Romania At Dawn
In City and Village, the Only Common Sight Was the Blue Flag with Yellow Stars
I entered Romania for the first time in the middle of the night. As the bus made its way deeper and deeper into the country, I saw the sun rising in the east; I saw the fast growing cities of Arad and Timisoara waking up, and I saw the remains of what seemed to be long forgotten villages, inhabited only by elderly people whose children have long since left for work in the cities.
And in city or village, the only common sight was the European Union’s big blue flag with a circle of yellow stars, on cars, on billboards, and flying high over gardens and clock towers.
It was another 10 hours before I reached Bucharest, and I witnessed again and again the many things which have defined Eastern Europe for me, part Slovenian, part Swedish, and long a resident of Croatia: visible economic inequality among people, beautiful natural landscape and so much more potential than is being realized, and the smiles and easiness of the people, who approach you with a feeling of optimism almost non-existent in the developed West. While I saw street dogs in the cities and in the country side, while I saw towns with no billboards, and while I saw garbage even in gardens that people didn’t bother picking up, one could still on occasion see the European flag flying high.

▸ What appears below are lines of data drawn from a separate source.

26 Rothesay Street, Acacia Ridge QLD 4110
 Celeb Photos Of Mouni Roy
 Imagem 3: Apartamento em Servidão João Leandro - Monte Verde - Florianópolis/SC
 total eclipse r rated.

Then at last, after 21 hours in the bus, past the new European Cultural Capital, Sibiu, and the medieval town of Brasov, I finally arrived in Bucharest. The closer I got to the capital, the higher the visible standard of living; the cars and roads got better, the houses bigger. What I did not anticipate though, were the traffic jams. With a population of 22 million, Romania’s economy is growing at 6.4% a year, among the fastest in Europe and in the top 50 in the world; in just a few years, car sales have boomed, leaving the city with over 1 million cars on the streets daily. While Romania struggles to expand the highway system to accommodate this, I sat and waited, as my bus crawled, meter-by-meter, towards its final destination.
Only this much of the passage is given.